By Mark Saldana
In the seventies, Jennifer Lee met Richard Pryor through a friend who was working for him. She would later work for the comedian and eventually began a romantic relationship with him. The two married in 1981 and had a loving, but turbulent marriage due to Pryor’s wild lifestyle and drug abuse. Jennifer and Richard divorced in 1982, but would rekindle their romance decades later and remarry in 2001.
I had the honor and pleasure of speaking with Jennifer Lee Pryor at this year’s SXSW Film Festival. Ms. Pryor attended the festival to support a new documentary that truthfully reveals the life of Richard Pryor, but also honors and celebrates the accomplishments of his career. The film is titled I Am Richard Pryor and it will air on cable and satellite’s Paramount Network on March 15.
Mark Saldana: Who came up with the idea of making this documentary?
Jennifer Lee Pryor: Network productions contacted me and I was just thrilled by the way they presented their ideas in a way that didn’t avoid the salacious scandals, but presents in a way that grabs onto the arc of his life and talent and the evolution of his artistry. With that approach, I was very impressed and wanted to get onboard.
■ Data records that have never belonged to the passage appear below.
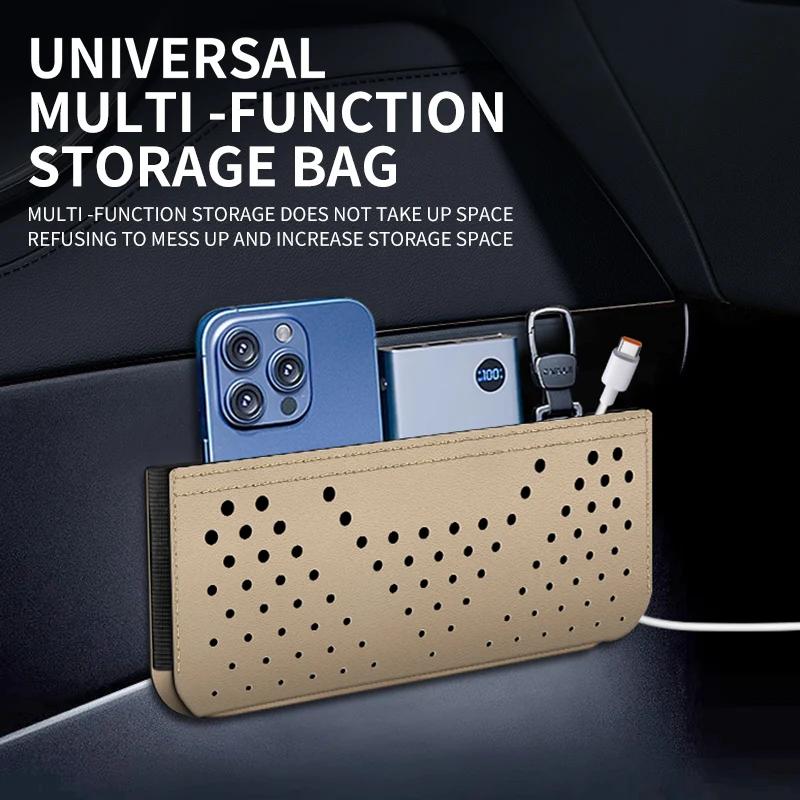 Car Leather Seat Pocket Holder Universal Self Sticky Storage Pocket for Phone Purse Card Key Car Seat Back Side Door Organizer бежевий
Car Leather Seat Pocket Holder Universal Self Sticky Storage Pocket for Phone Purse Card Key Car Seat Back Side Door Organizer бежевий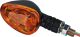 Mini clignotants courts, style Duke, noir (la paire, siglé 'E', long. 75mm, bras: 20mm / M10, ampoule: BA15s 12V/10W)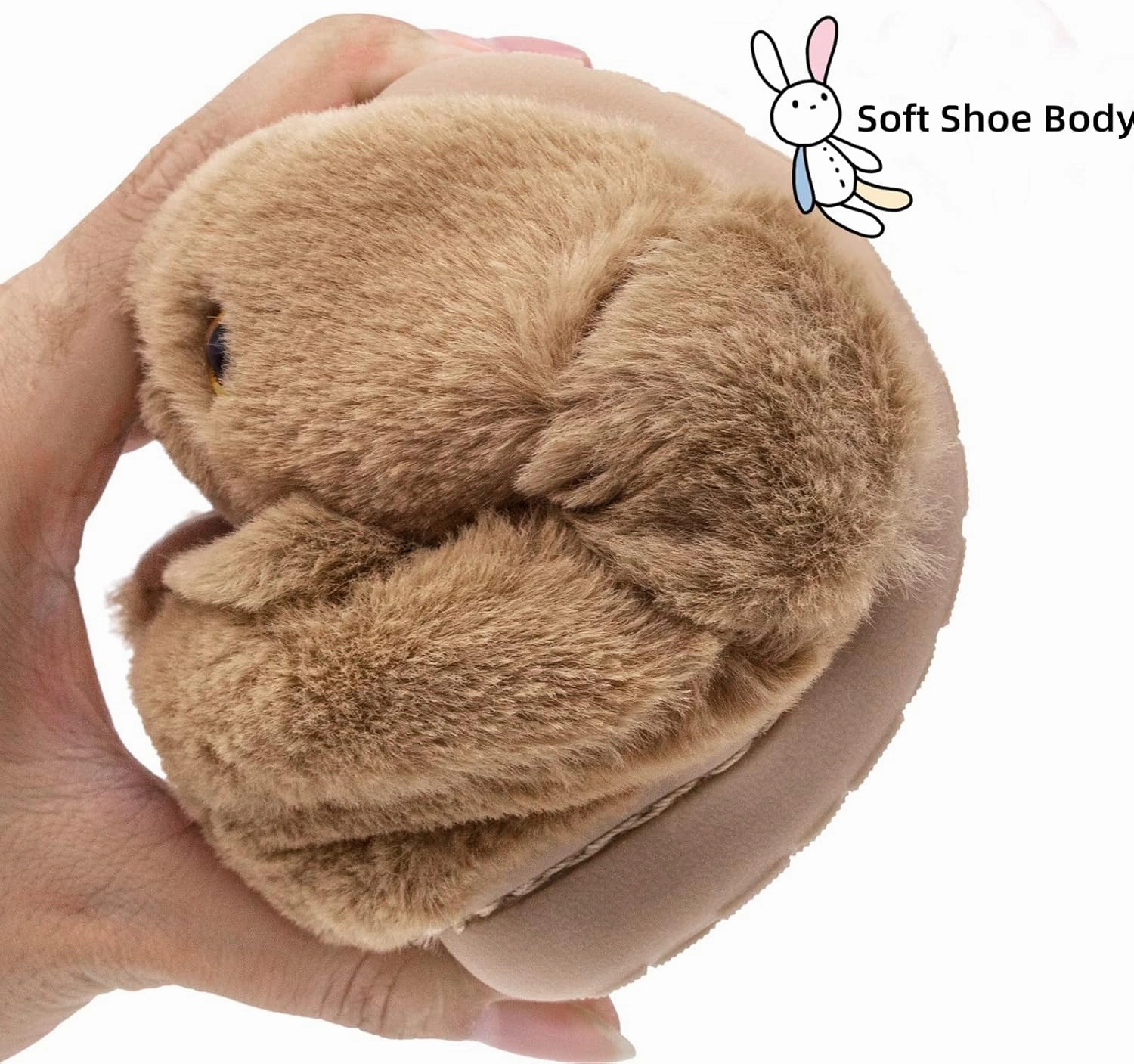 rosyclo Toddler Slippers Boy and Girl Bunny Slippers Plush Cute Non-Slip Warm Winter Shoes, Suitable for indoor and outdoor Kids Slippers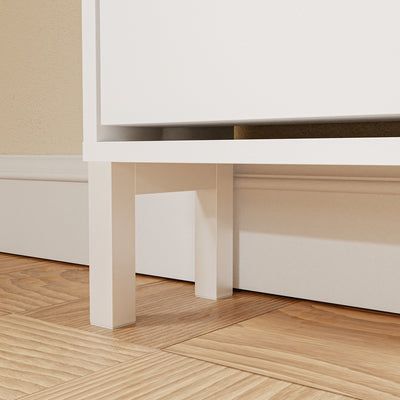 SoBuy | Schuhkipper schmal in Weiß | FSR230-W
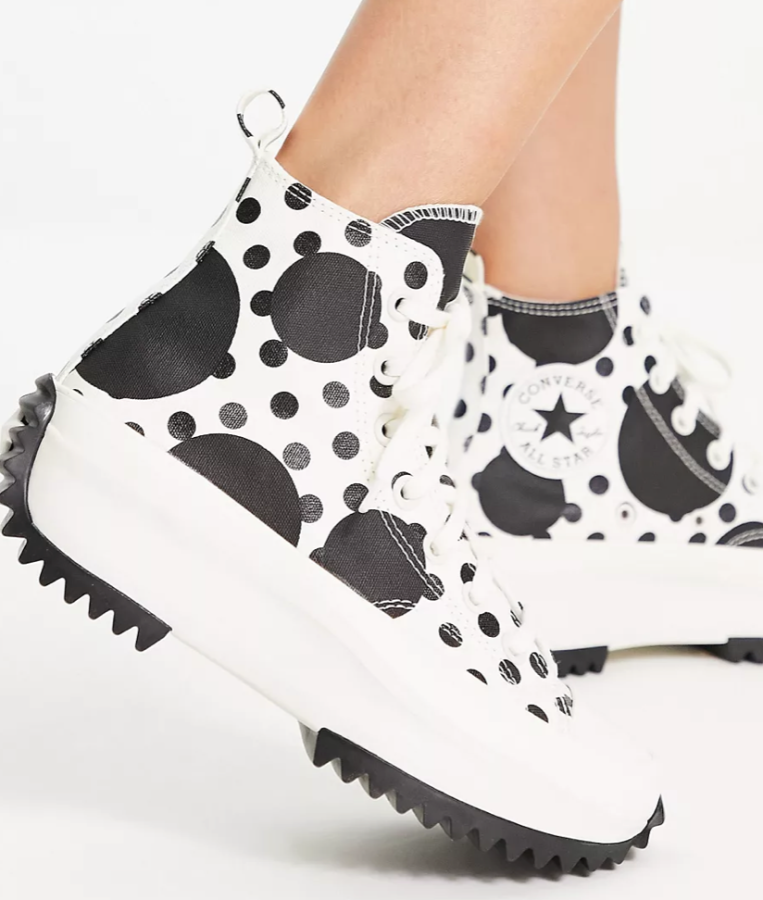 Высокие кеды Converse Run Star Hike Platform Polka Dots a01181C, кеды в  горошек купить в Москве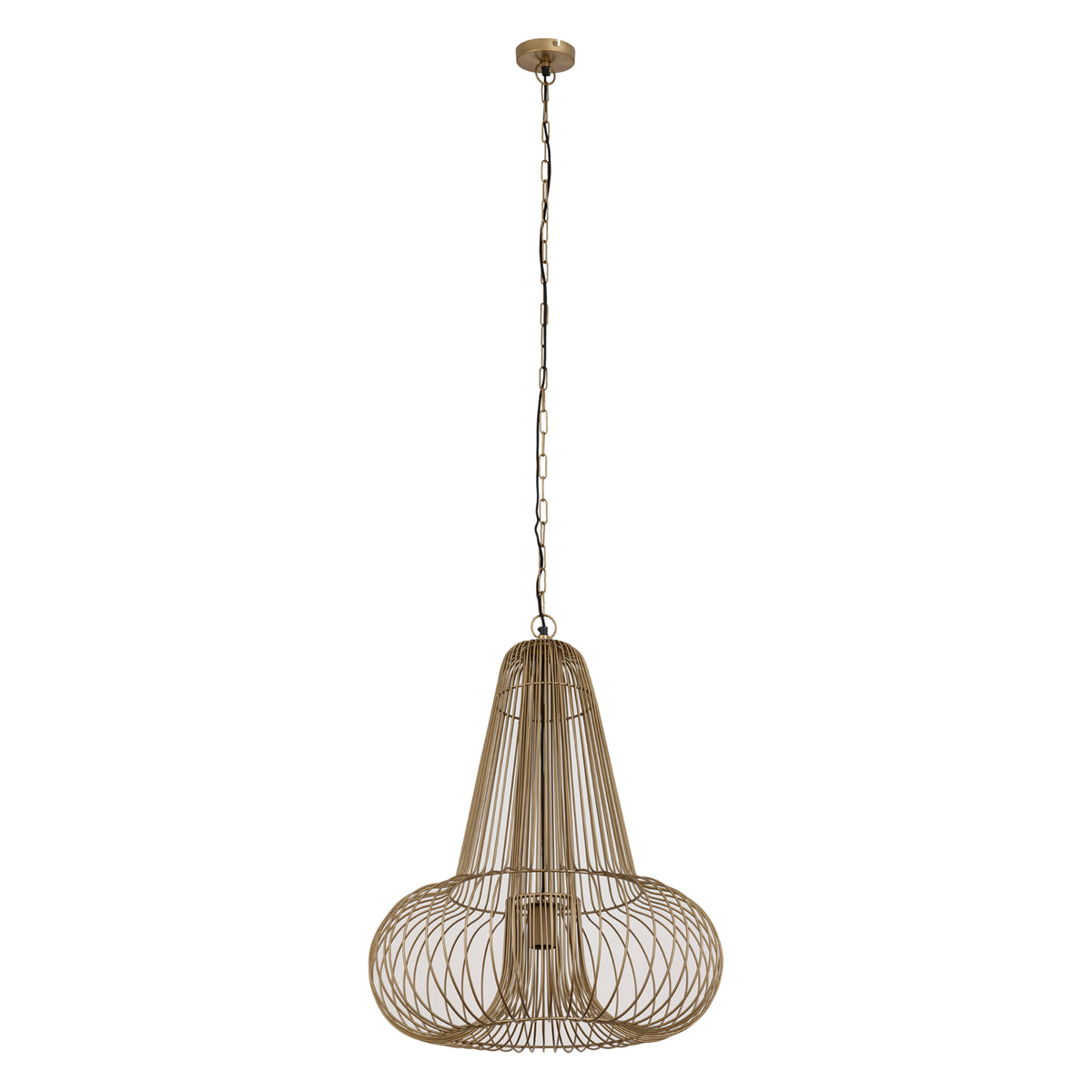 Aluesi bronze powder-coated iron pendant light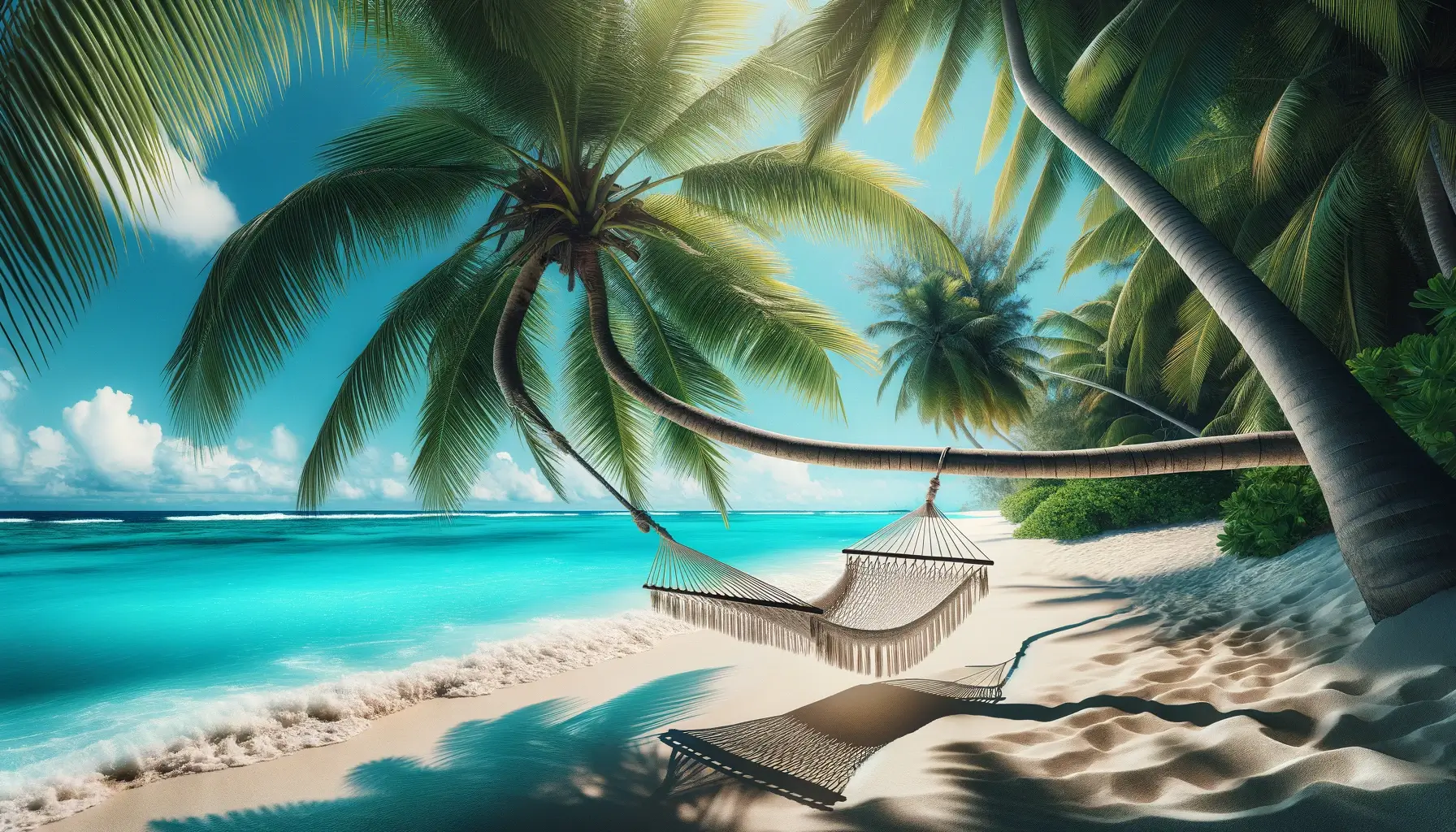 a caribbean beach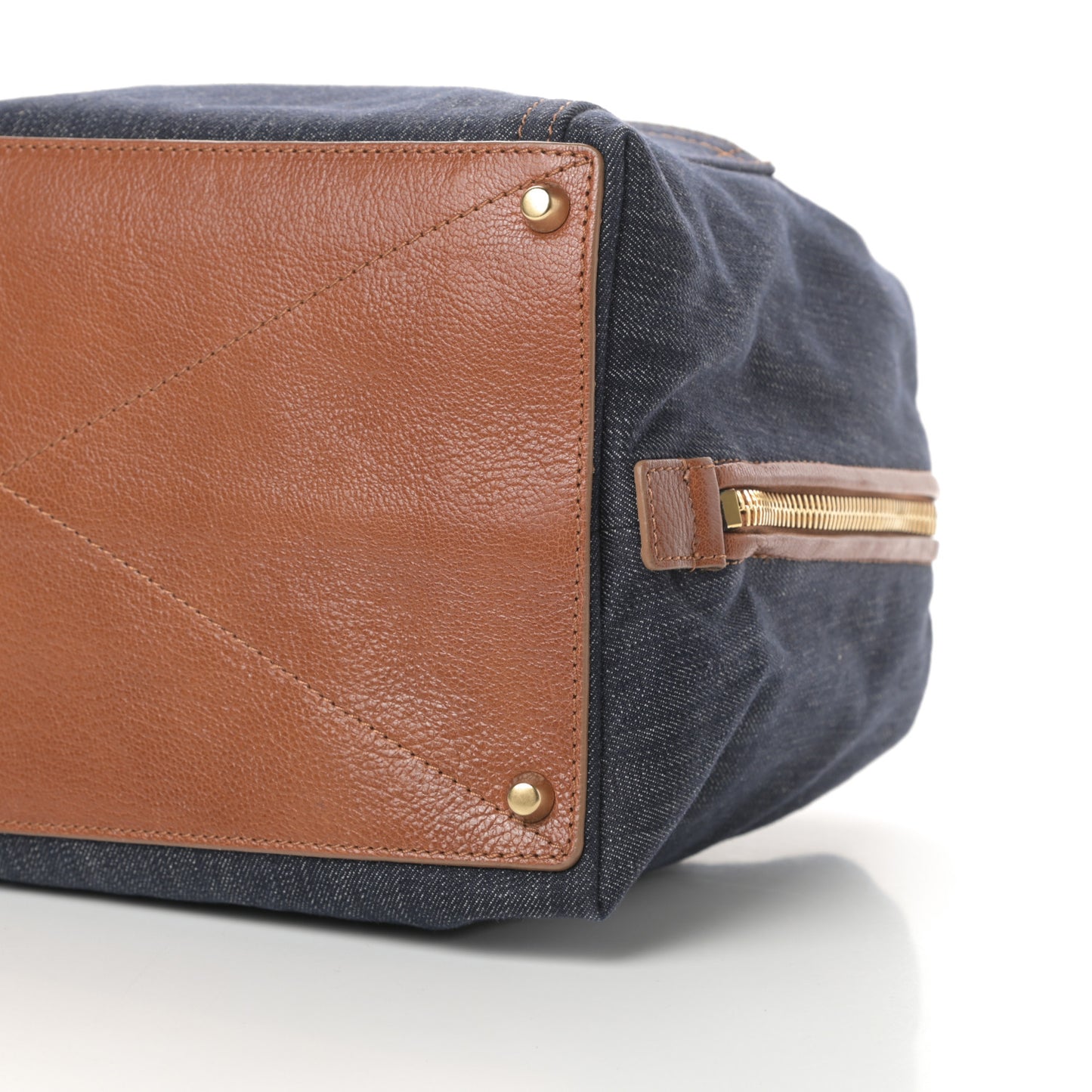 Denim Small Antonia Satchel Blue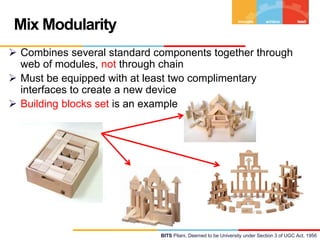 L4 2-2-types of modularity of prod archi | PPT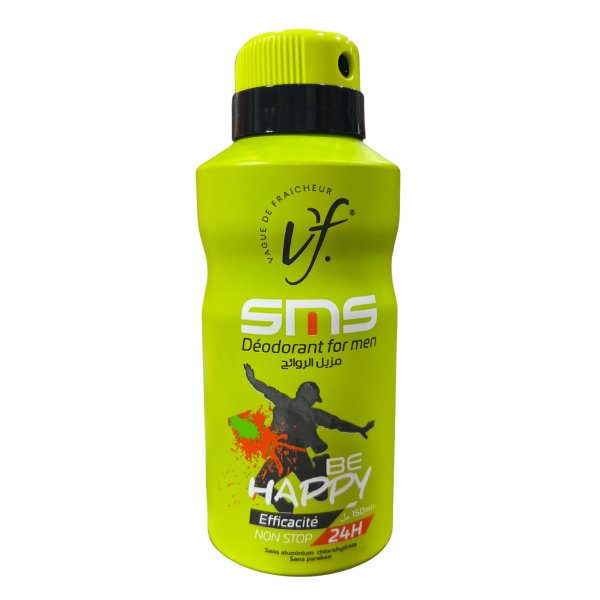 VAGUE DE FRAICHEUR DEODORANT MEN SMS 150ML BE HAPPY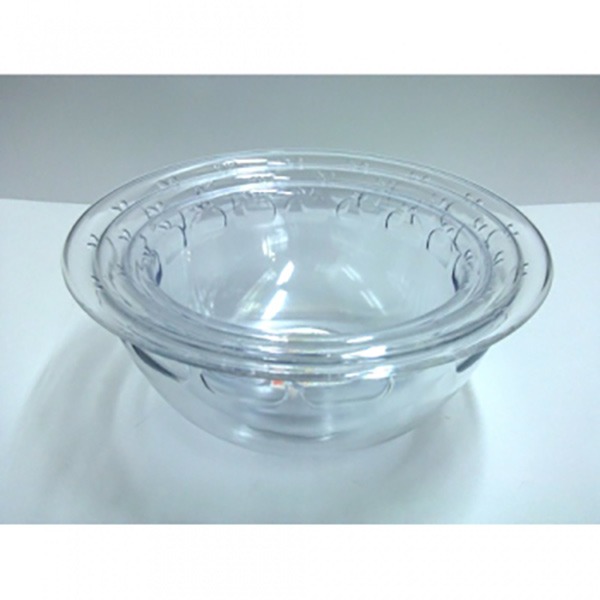 투명믹싱볼(플라스틱야채그릇)-1호(ø230mm)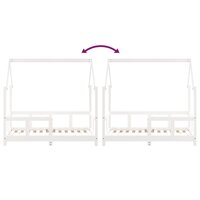 Kinderbedframe 70x140 cm massief grenenhout wit 7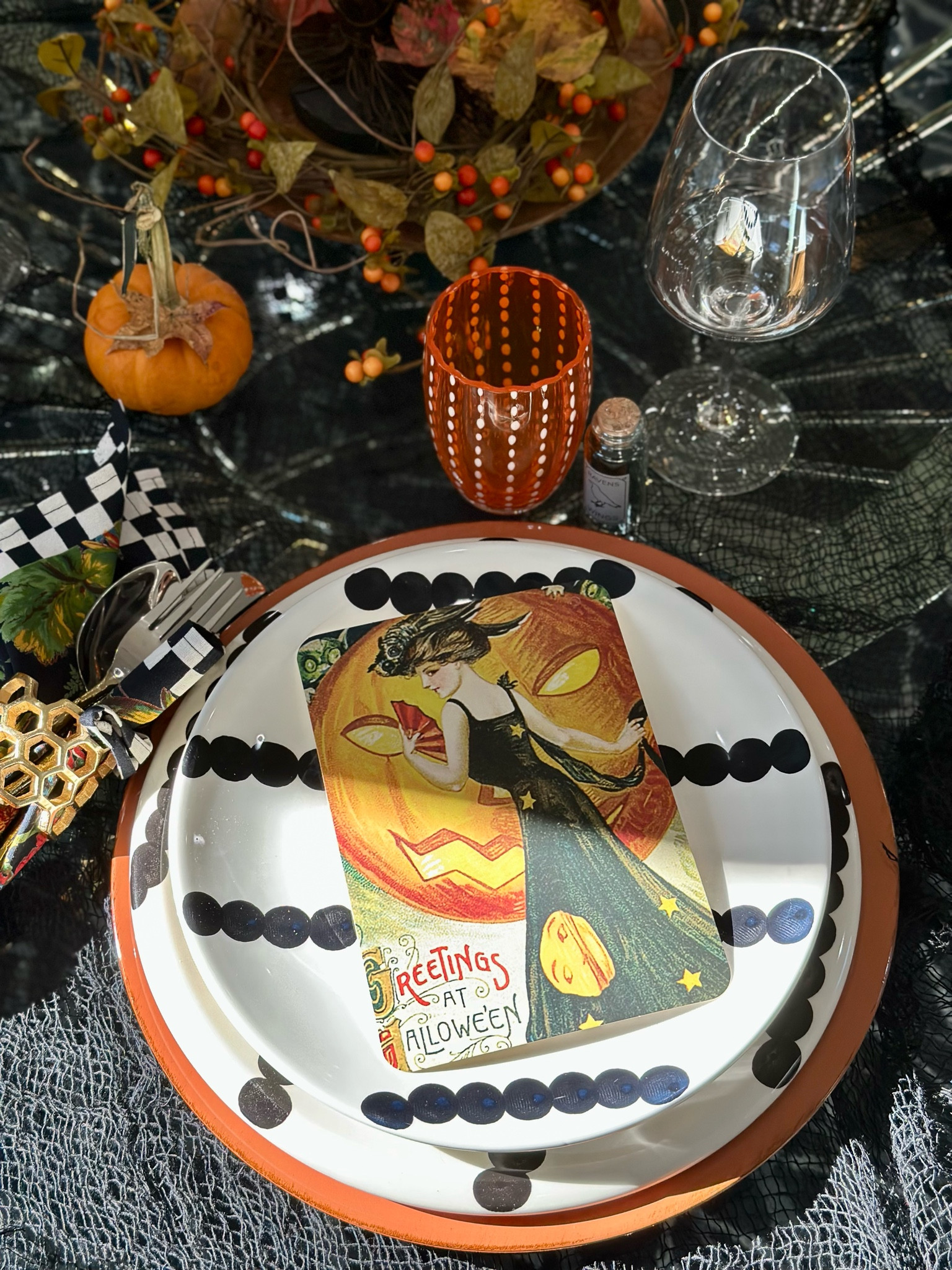 Black and white Halloween or everyday,dishes,colored glasses ,have fun with your table #setthetable #stylingtheseasons

#LTKSeasonal #LTKHalloween #LTKHoliday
I have been involved in some projects that, no matter how hard you fight, they always gravitated towards the dark stuff. (In this film) they didn’t avoid it, but they put it in a good context. It doesn’t eclipse Richard’s talent and the evolution of that talent.
Mark: Do you think Richard would be pleased with the film?
Jennifer: I think he would be very pleased with it. I wrote a memoir years ago and his response to it was, “The bitch told the truth!” So he honored the truth. He would love it, no matter what–the good, the bad, and the ugly.
Mark: As an interracial couple in the late seventies and early eighties, did you encounter any ugly racist reactions to your relationship?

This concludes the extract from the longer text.